SANDRA is one of the prostitutes who do not use prostitution to increase her power and self-esteem. Her miserable interview speaks for itself.

ROBYN's is a vocational and an avocational masochist. She accepts payment from men who beat her, and she has a pimp at home who was among the worst I ever heard of or met.

SEAN was a male sadomasochistic prostitute who performed sadism to homosexual men. I met him at the brothel, where he worked as an assistant manager. Sean has much to say about the nature of prostitution as he sees it.

LUCY's chapter, like many in my earlier book, is organized like a scene, with other people and events in the background.

ROSE is a dominatrix. She is a highly paid professional with an international reputation among masochistic men. The first two thirds or so detail what one does if it is a dominatrix that one happens to be. When a man reads this chapter, I always know when he gets to one particularly explicit passage describing an excruciating act Rose performs, because the readers always cross their legs: the male self-protective reflex.

Rose tells what her father did to her as a child in the last third of this chapter. When I told Rose that a Dutch social-worker had vomitted on the floor of my home after reading this passage, Rose first laughed out loud, and then insisted on meeting that woman.

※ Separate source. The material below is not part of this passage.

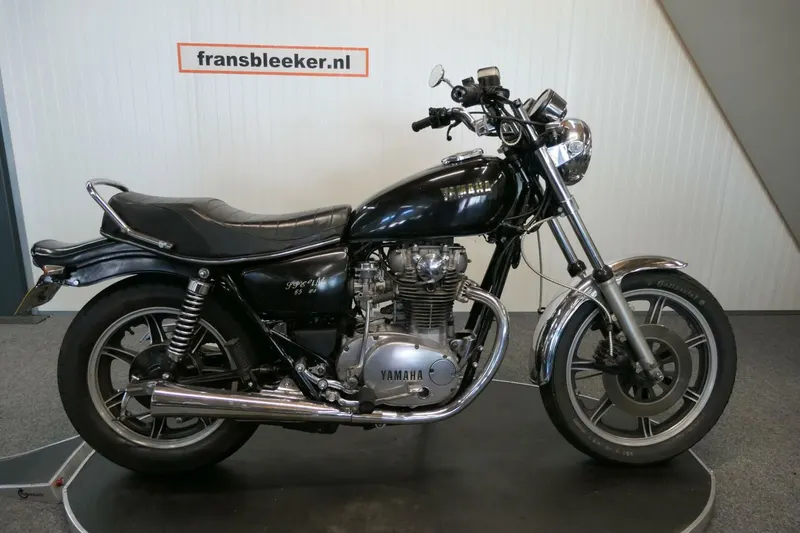 Yamaha XS 650 (1982)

I organized a meeting of friends of mine in a bar, none of whom was from the prostitution world. Rose walked in, looking like an accountant or a young lawyer - she looks rather ordinary when not dressed up in her work-clothes, which are things like boots and SS uniforms. None present knew he was meeting Rose herself. Everybody at that table had read bits of my interviews, including Rose's and others' abuse narratives. All expressed their outrage and horror at Rose's father's depraved torture of his child. Rose quizzed them all in turn about their reactions; she had been under the impression that most men would become sexually aroused at such a story.

Rose thereafter became very involved in helping me with my book and introducing me to her friends, so that I now know much more about sadomasochism than I did when I wrote this chapter. Rose and I remain in frequent contact, and we are good friends.

Rose once mentioned that a certain friend of hers would not tell me about her childhood, because "it was so much worse than mine was." One of the reasons why I value Rose's friendship as much as I do is that a woman who suffered as much as Rose did is able to perceive somebody else as having suffered more, and of feeling compassion for that suffering.